On the road to a blog in machine learning and data analysis for subsurface data
Machine learning algorithms are increasingly being used in understanding subsurface data. CSEG ‘s digital committee has approached me to start a blog initiative to showcase articles in data analysis and machine learning. Articles from groups in the subsurface industry and academia will be solicited and posted on the blog. The aim of the blog will be to give a flavor of the types of models or data flows that have been explored. A secondary aim is to provide a tutorial on various data analysis and learning methods. In this article, I will provide a broad introduction to data analysis and machine learning and discuss their potential uses in learning subsurface data.
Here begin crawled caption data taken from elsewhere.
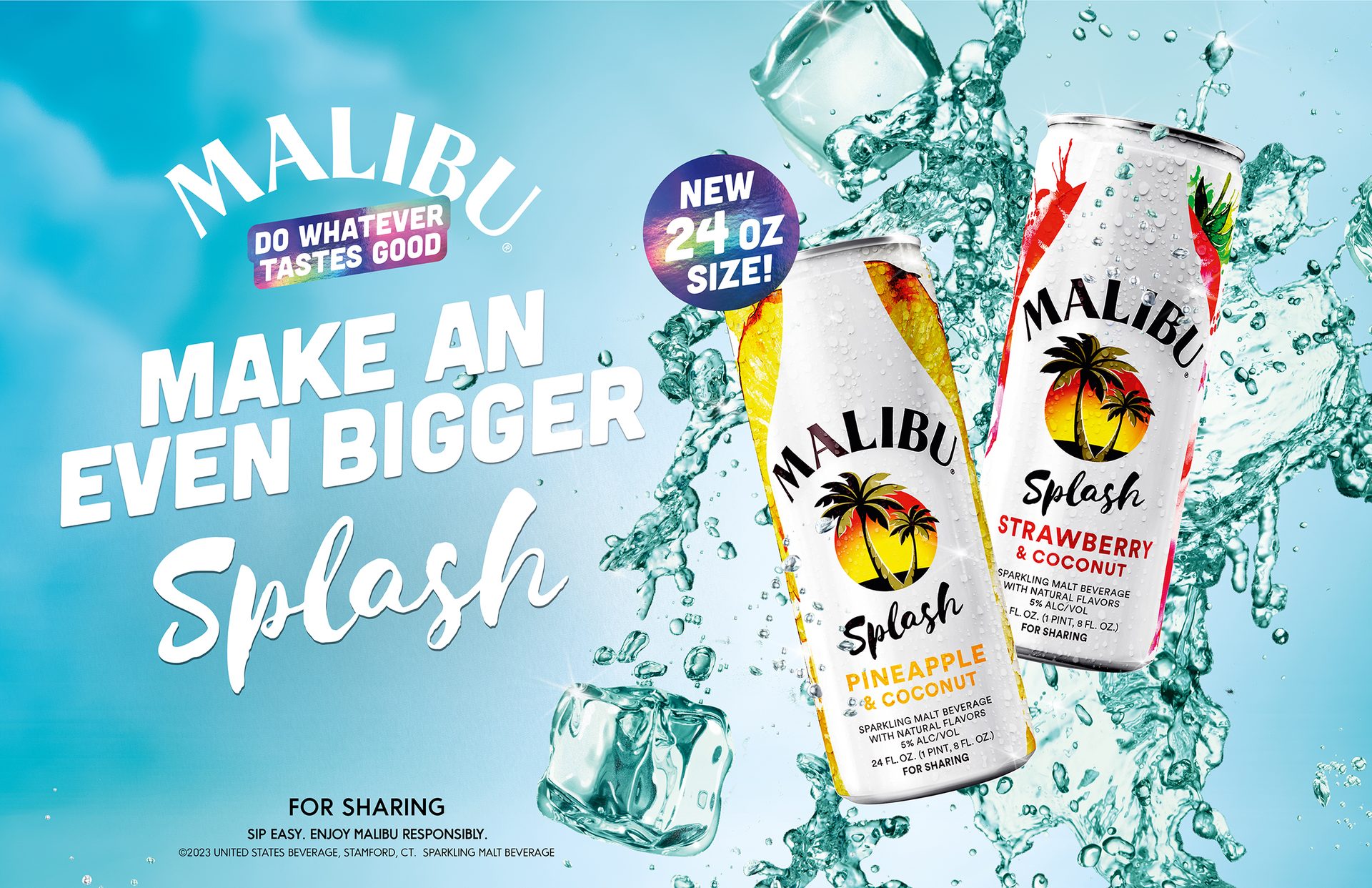 Liquid, Fluid, Font, Water, Drink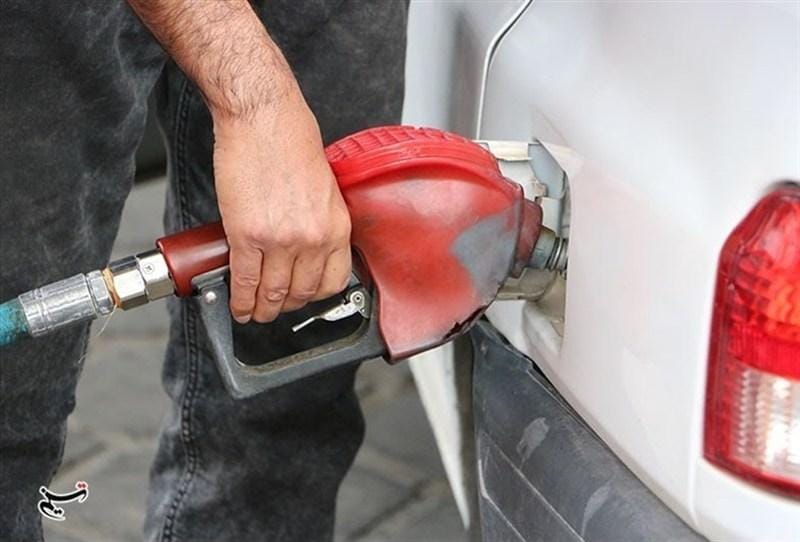 بنزین سه نرخی رسما اعلام شد: سهمیه بنزین ۱۵۰۰ و ۳۰۰۰ تومانی بدون تغییر؛ نرخ سوم بنزین، ۵۰۰۰ تومانی از نیمه دوم آذر
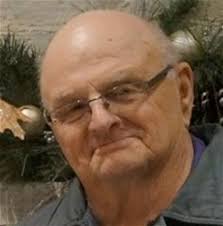 Ronald F. "Pete" Bolduc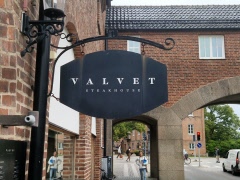 After Work den 23 oktober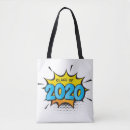 Search for comic style bags Back to school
Over the last decade, the usage of data analysis and machine learning have seen an exponential growth. The growth is largely driven by the need to gain deeper insights into the ever-increasing consumer data on hand. Significant strides in computing optimization, scale and hardware improvements in speed and memory have worked in tandem with the increasing data-size. In addition, open-source programming languages have had an enormous impact on this growth. Large scale computing enabled by clusters, grids and the cloud can glean into datasets in a time-span that was unthinkable a decade ago. Today, terabytes of data, and computers with 10s of gigaflops of compute power using CPUs (central processing unit) and 10s of gigabytes for RAM are a common sight. The compute power of GPUs (graphics processing unit) is on average about 10 times more than that of the CPUs. Innovation in optimization algorithms to learn from the data have in my opinion, out-paced the developments in the hardware (namely flops and memory). Languages such as Python, R and others have led to a democratization of code that has resulted in better software. The open-source software movement today knows no borders and continues to grow. Major technology companies like Google, Microsoft, Amazon and others have aptly recognized the advantages of open-source and are participating in this space. For example, TensorFlow which was originally started by Google is available as an open-source API (application programming interface) for Python and contains modern machine learning methods. The data can be in a tabular format or can be time or depth series.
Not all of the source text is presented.